I have spent my entire professional career working very directly with ‘customers’. I spent many years working as a teacher with students and parents as my customers. It was my responsibility to provide a service – in that case, education – and meet the varying needs required by those customers. Since then, I have assumed a more direct customer service roll in the field of health care. My experiences in these positions have solidified my belief in the Golden Rule in all circumstances, but especially in working with customers
As employees of our organizations, it is important to remember to view our actions from the customers viewpoint. Customers are not privy to all of the behind-the-scenes information to which we have access. It is the customer’s perception of a company, a brand, an individual, or a specific situation that will determine whether they feel validated or ignored. We as professionals have power to mold this perception in a positive way.

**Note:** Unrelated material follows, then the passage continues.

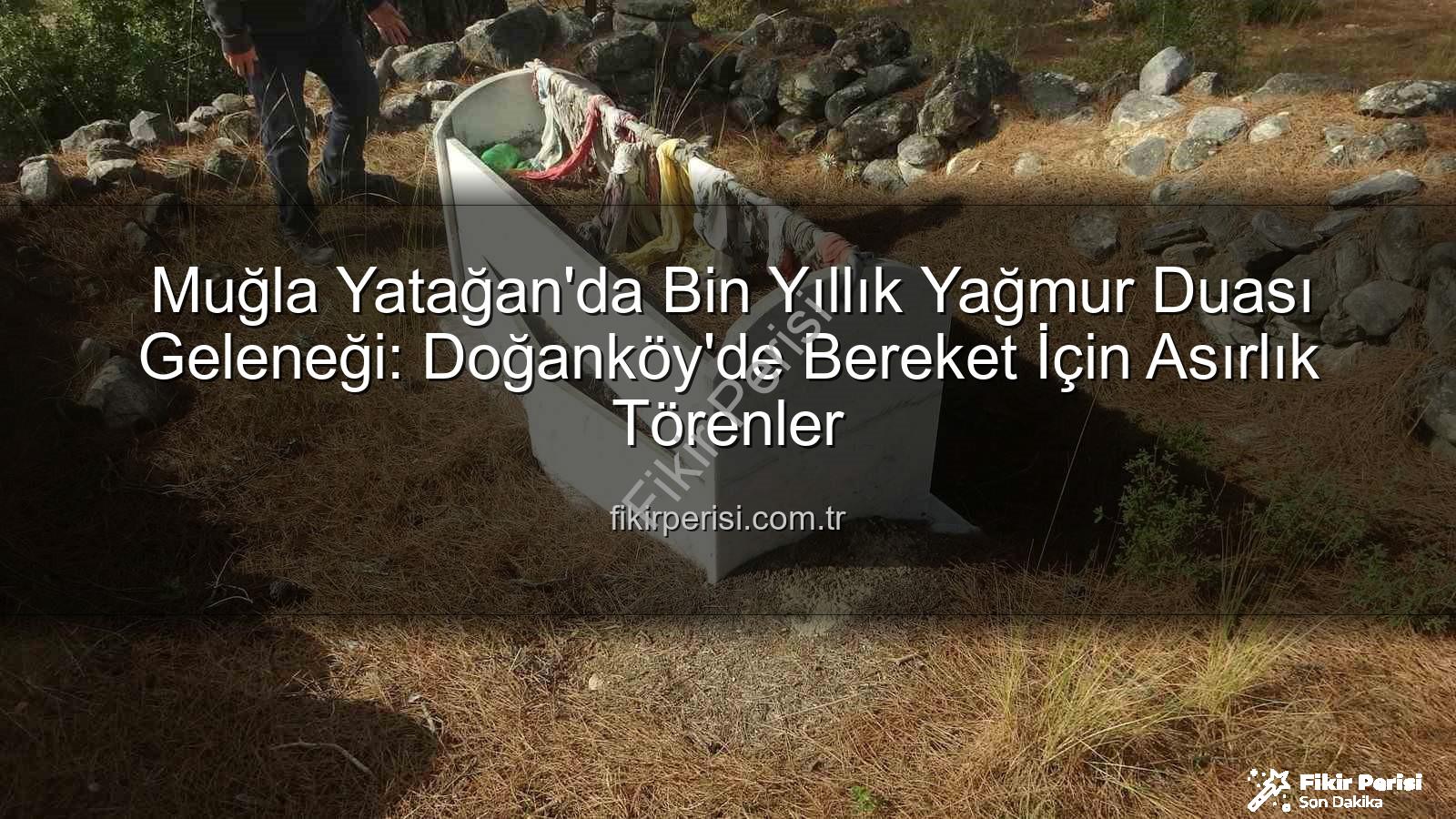 yağmur duası geleneği - Muğla Yatağan'da Bin Yıllık Yağmur Duası Geleneği: Doğanköy'de Bereket İçin Asırlık Törenler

Customer service is not always as easy to provide as we may like. The perfect world would see organizations with teams who were able to provide customers whatever they wanted whenever they wanted it. In reality, however, customer requests may be entirely unreasonable or, unfortunately, fraudulent in nature. How do you provide exceptional service to customers while simultaneously acting as a conscientious agent of your organization?
Through this blog, we will explore ways to provide exceptional customer service in the modern day. We will look at the societal, generational, and technological changes that require us to adapt our actions and methods of communication with customers.